::: Material to process :::

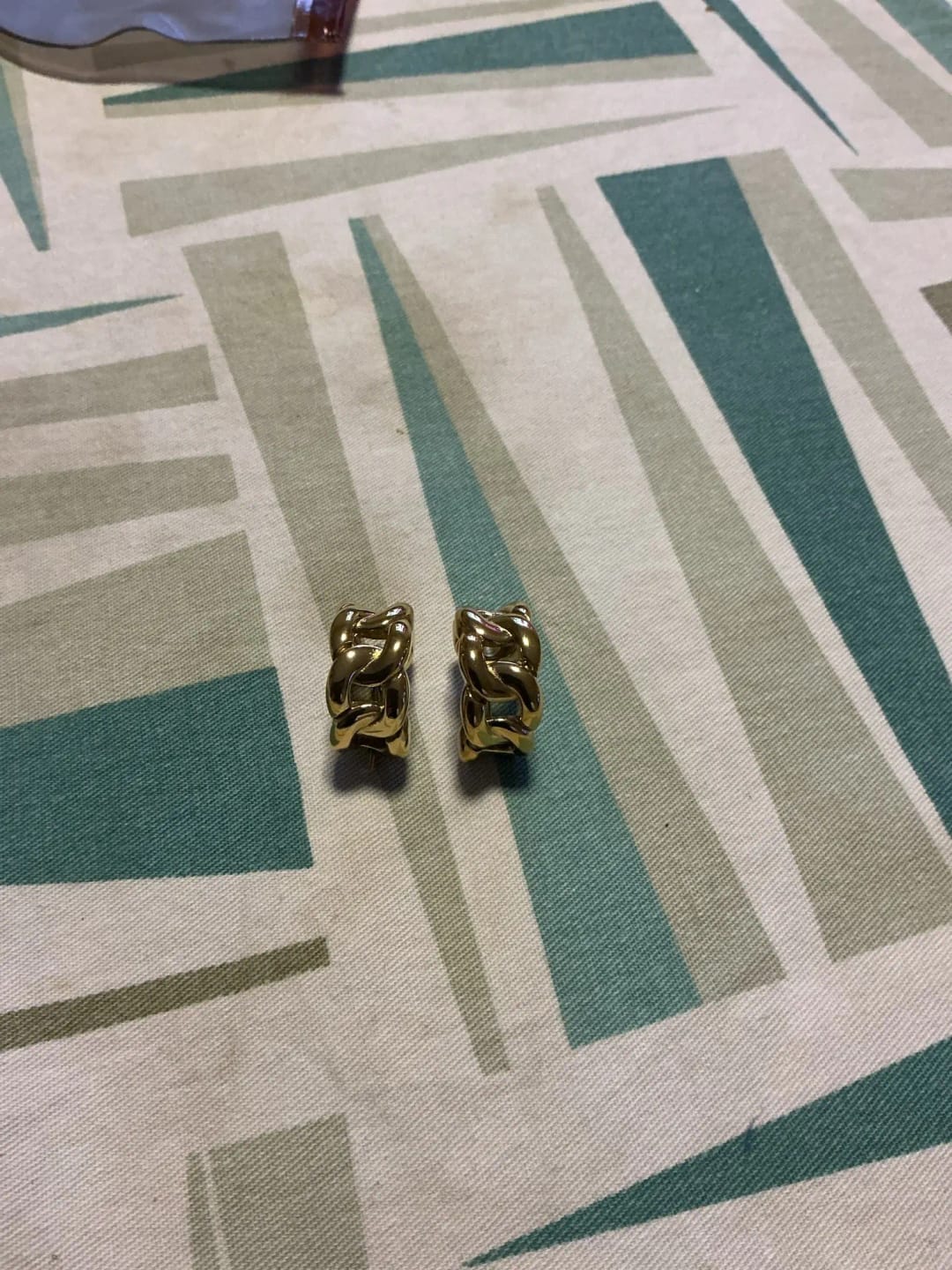 Customer photo review of Chunky Chain Hoops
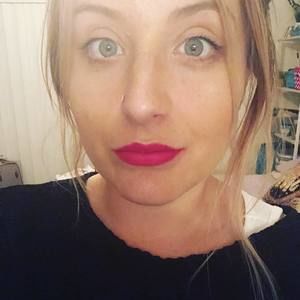 Meet your Posher, Raquel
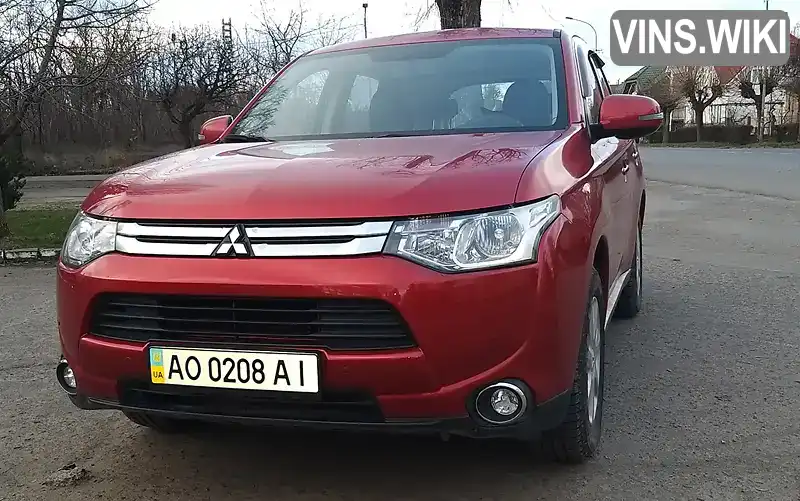 Позашляховик / Кросовер Mitsubishi Outlander 2014 2 л. Варіатор обл. Закарпатська, Ужгород - Фото 1/18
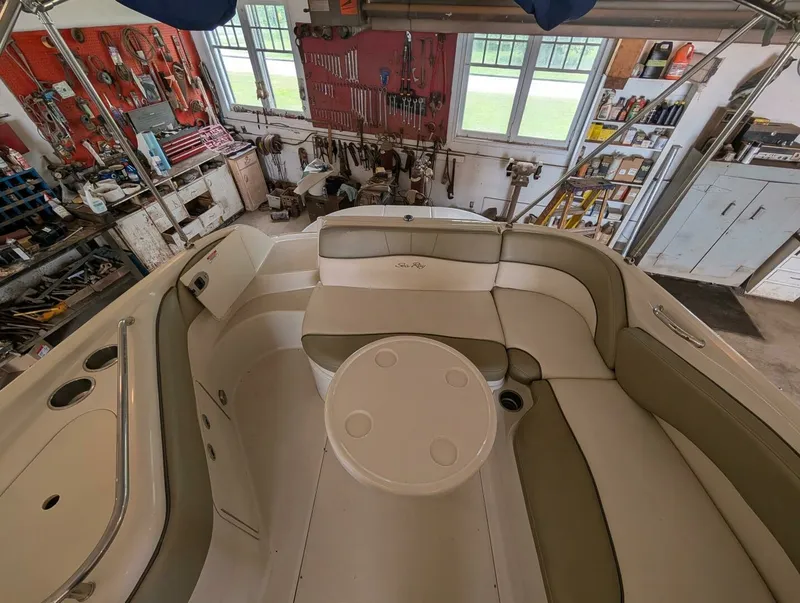Slide: The Image of 2007 Sea Ray 240 Sundeck 24 - 7828059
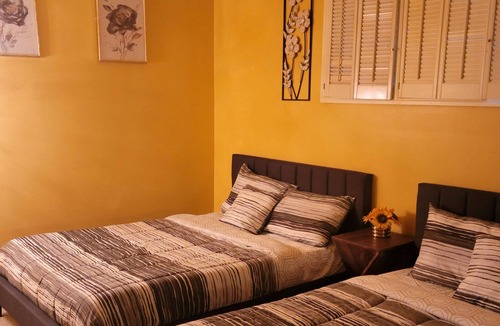 Norma Triangle Apartment | Romantic 1br-1b Beverly Hills Apt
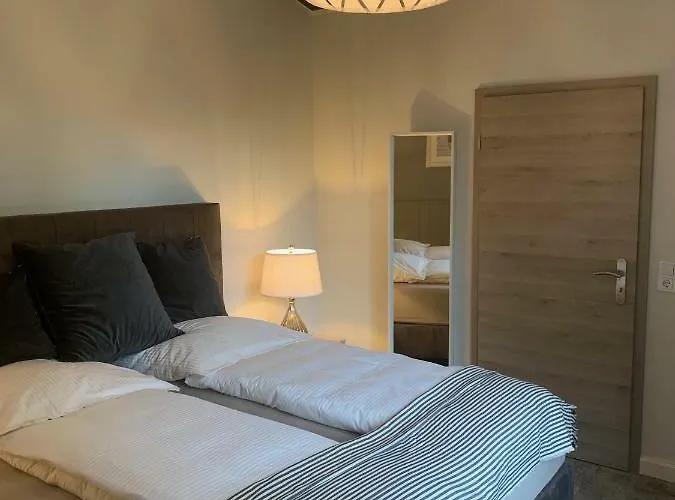 Apartman Besotel - 20 2 Standorte 35 Schlafzimmer 29 Badezimmer 52 Betten Fuer 73 Gaeste Erkrath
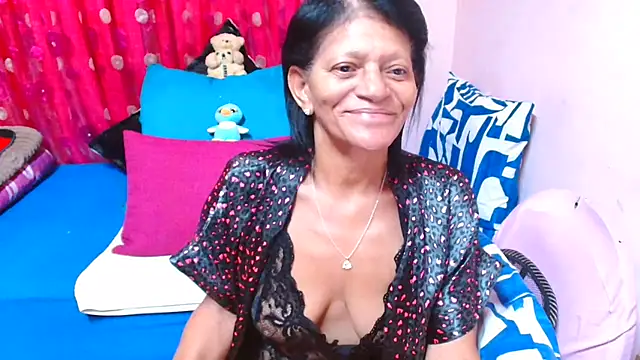 SLUTTYROXY online show from April 7, 9:10 am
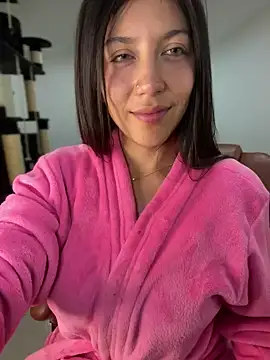 Snapshot of MiaJones21 chatting on 02/20/25, 10:37 MiaJones21 online show from 02/20/25, 10:37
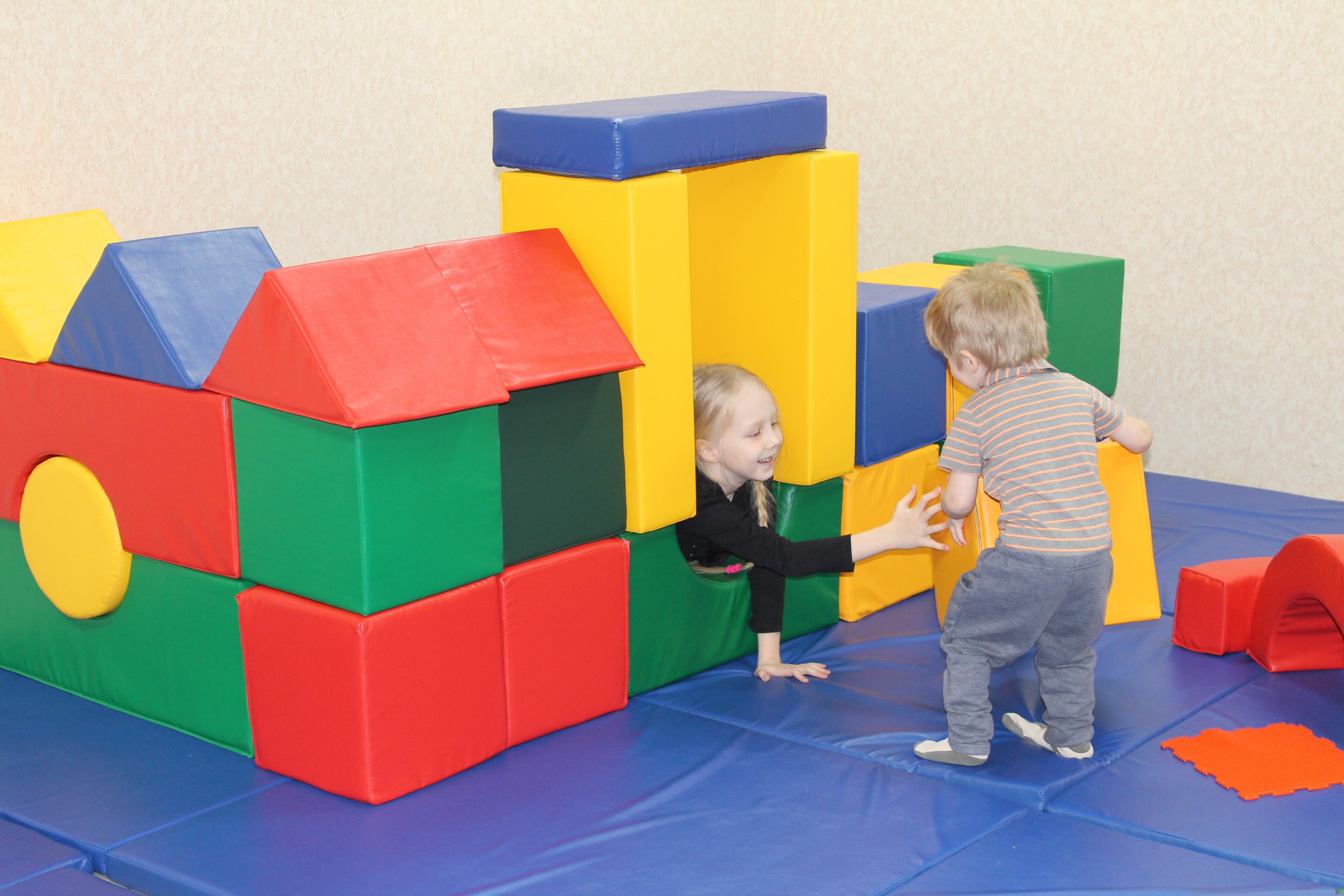 Кубики большие цена. Мягкие модули для детского сада. Кубики большие мягкие модули. Мягкие игровые модули для детей. Мягкие кубики большие в игровую комнату.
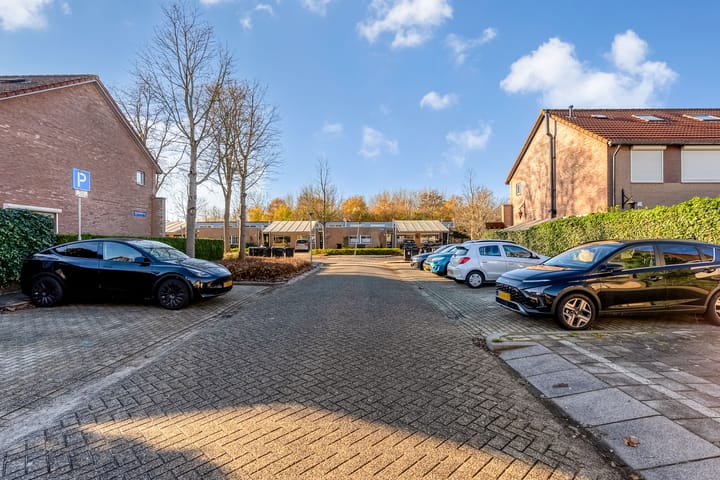 Photo 40 of Tarantellastraat 1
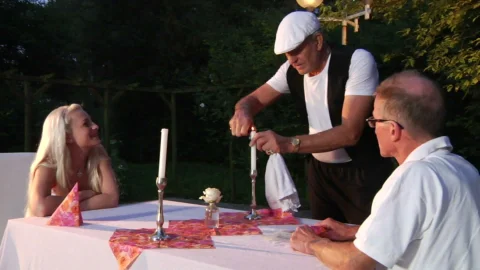 video art holland: Gushing Blonde's Throat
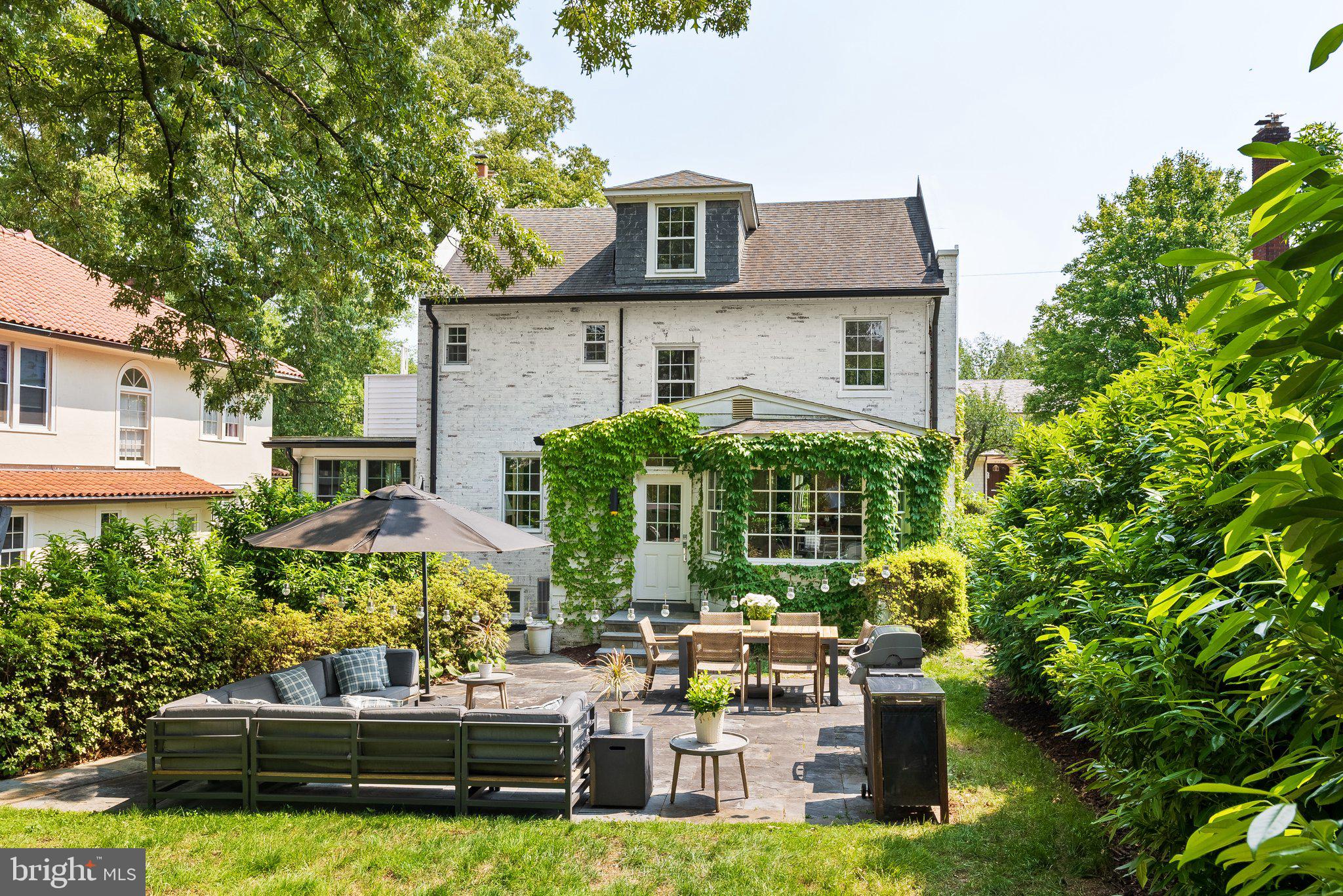 CHEVY CHASE - Residential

:::

» **Required work**
Reproduce all of the entries above word for word, but leave out their pictures.

» **Solution to this task**
 Customer photo review of Chunky Chain Hoops
 Meet your Posher, Raquel
 Позашляховик / Кросовер Mitsubishi Outlander 2014 2 л. Варіатор обл. Закарпатська, Ужгород - Фото 1/18
Slide: The Image of 2007 Sea Ray 240 Sundeck 24 - 7828059
 Norma Triangle Apartment | Romantic 1br-1b Beverly Hills Apt
 Apartman Besotel - 20 2 Standorte 35 Schlafzimmer 29 Badezimmer 52 Betten Fuer 73 Gaeste Erkrath
 SLUTTYROXY online show from April 7, 9:10 am
 Snapshot of MiaJones21 chatting on 02/20/25, 10:37 MiaJones21 online show from 02/20/25, 10:37
 Кубики большие цена. Мягкие модули для детского сада. Кубики большие мягкие модули. Мягкие игровые модули для детей. Мягкие кубики большие в игровую комнату.
 Photo 40 of Tarantellastraat 1
 video art holland: Gushing Blonde's Throat
 CHEVY CHASE - Residential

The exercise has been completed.